The weekly meetings of the North Atlantic Council, NATO’s main decisionmaking body, degenerated into shouting matches between the U.S. and the French ambassadors. The EU retreated into itself, while “old” and “new” Europe each adopted the high moral ground over Iraq.
The stance that Europe’s leaders took in 2003 at least reflected public opinion in their countries. France, Germany, and the Benelux countries (“old” Europe) gathered on one side of the divide. Along with Russia, they openly opposed the U.S.-led invasion. On the other side were the countries of Eastern Europe, Britain, Spain, Portugal, and Italy (“new” Europe).
Those divisions, which almost tore NATO apart and dealt a battering to the EU’s foreign and security policy, took a long time to overcome. They revealed how hollow NATO and the EU had become on strategic thinking and common purpose.
Today, the situation seems even worse.
As the death toll in Syria mounts, with civilians murdered with chemical weapons, Europe is in even worse shape strategically than in 2003. The most important countries—Britain, France, and Germany—have failed to project any kind of European leadership.
It was Russia, and not any European nation, that this week proposed putting Syria’s chemical weapons under international supervision. This says a lot about the EU’s lack of a strategic response to such a fundamental security policy issue as the alleged use of chemical weapons by Syrian President Bashar al-Assad.
David Cameron, the British prime minister, believed he was providing leadership by being gung-ho for military action against Syria. But he was forced to back away from that position after his humiliating defeat on the issue in the House of Commons two weeks ago. François Hollande, the French president, who was just as bellicose as Cameron, has had to mellow his stance too.
As for Germany, Chancellor Angela Merkel, who is facing reelection on September 22, has successfully played for time. She has been calling for a political solution and waiting for the UN inspectors to release their findings about the chemical weapons attacks.
At least Merkel has been consistent. Ever since the beginning of the Syrian civil war, she has never swerved from referring to the need to involve the UN Security Council, knowing perfectly well that it could never sanction the use of force because of the likely Russian and Chinese vetoes.

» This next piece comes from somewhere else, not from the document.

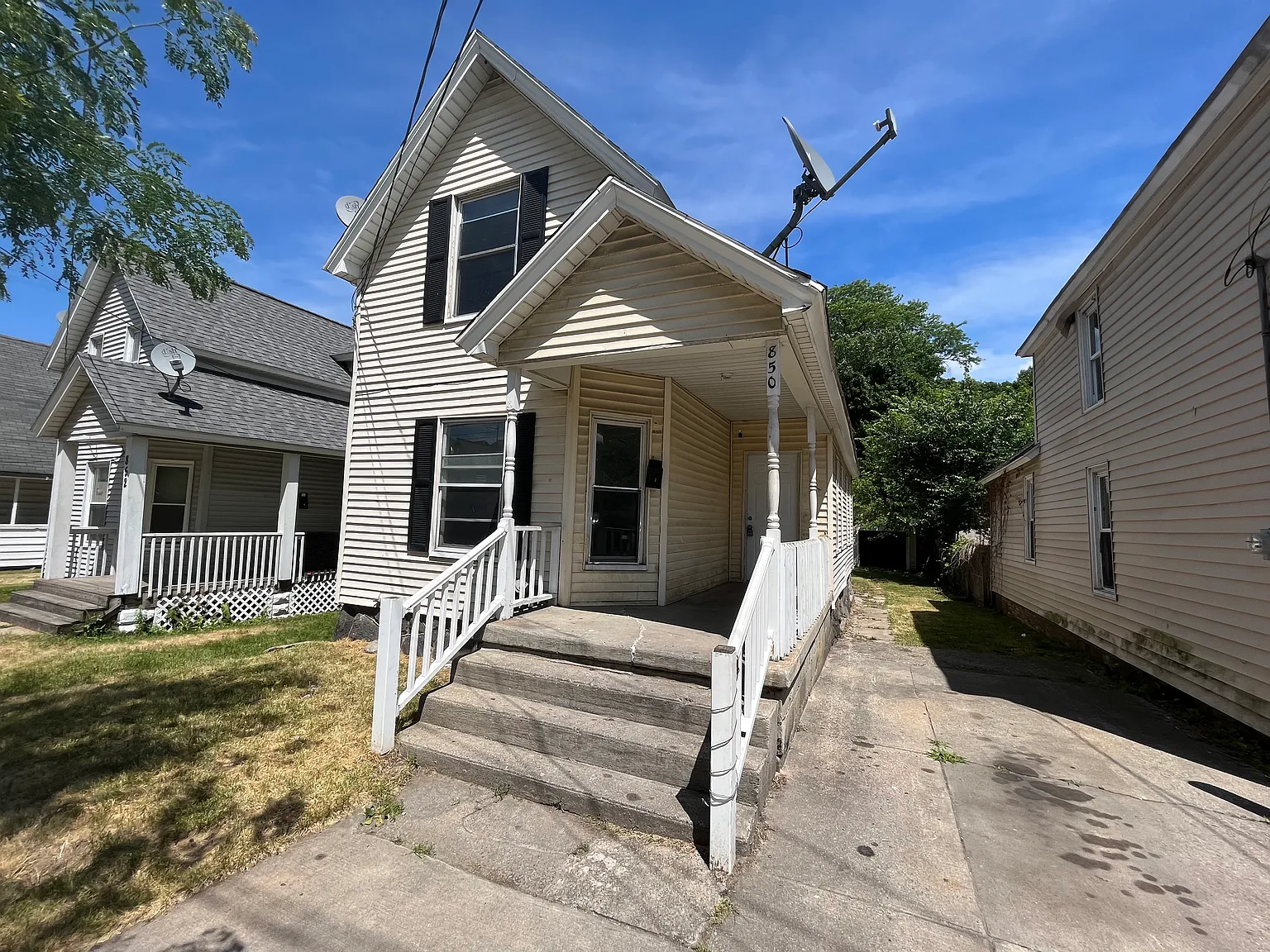 850 Lafayette Ave NE photo 1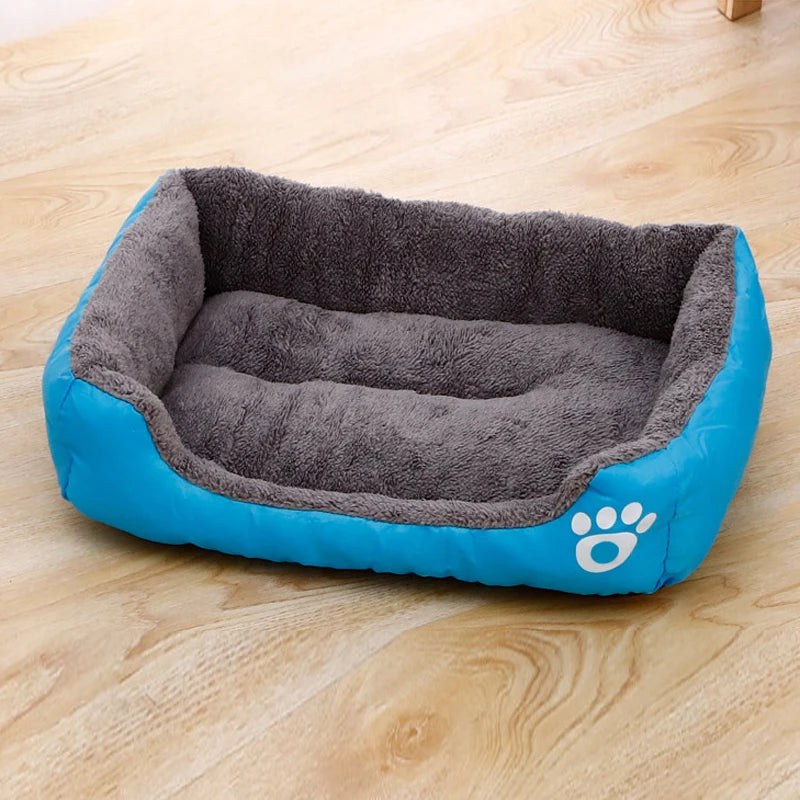 Lit Apaisant Noir en Peluche – Couchage Moelleux, Ultra-Résistant et Antidérapant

She has never swerved, either, from calling for a diplomatic solution to be kept on the table, even though talks have so far proved ineffective.
She has never referred to redlines. She knew what U.S. President Barack Obama had yet to discover: how immensely difficult it is to make good on any such threat.
Above all, she has never lost sight of the German public’s position on the Syrian crisis. Opinion polls repeatedly show that Germans are staunchly opposed to any military intervention in Syria.
Even the chemical weapons attack did not change the public’s mind. This is despite the Germans’ loathing of such weapons and their historical connotations, as well as Germany’s commitment to disarmament and upholding international weapons treaties.
Cameron and Hollande, in contrast, lost sight of how war-weary their voters are and how anti-American they have become.
The British in particular have seen far too many body bags return from the wars in Iraq and Afghanistan. Every public-opinion poll shows that the British are not prepared to back the United States with troops again, especially since the Obama administration was going to bypass the UN Security Council.
As for Hollande, who had won so much praise for sending French troops into Mali earlier this year, perhaps he believed he could repeat that show of resolve over Syria. But, like Cameron, he misjudged the public’s mood. The French are opposed to any kind of military action against Syria. Now, Hollande’s opponents are accusing him of being America’s lackey.
What this means is that the leaders of Europe’s two most important military powers have acted totally out of sync with their publics. Voters in the UK and France seem increasingly German in outlook: cautious, pacifist, inward-looking, and critical of Obama’s foreign policy. The same can be said of many other European countries.
These trends point to a new Europe in which the political resolve for serious diplomacy is lacking, and the conviction to enforce international weapons conventions, if necessary, is absent. Europeans, including NATO allies, have even eschewed the noble and humanistic principle of the responsibility to protect.
If the Iraq War highlighted the divisions between “new” and “old” Europe, Syria has exposed another kind of new Europe devoid of any strategy.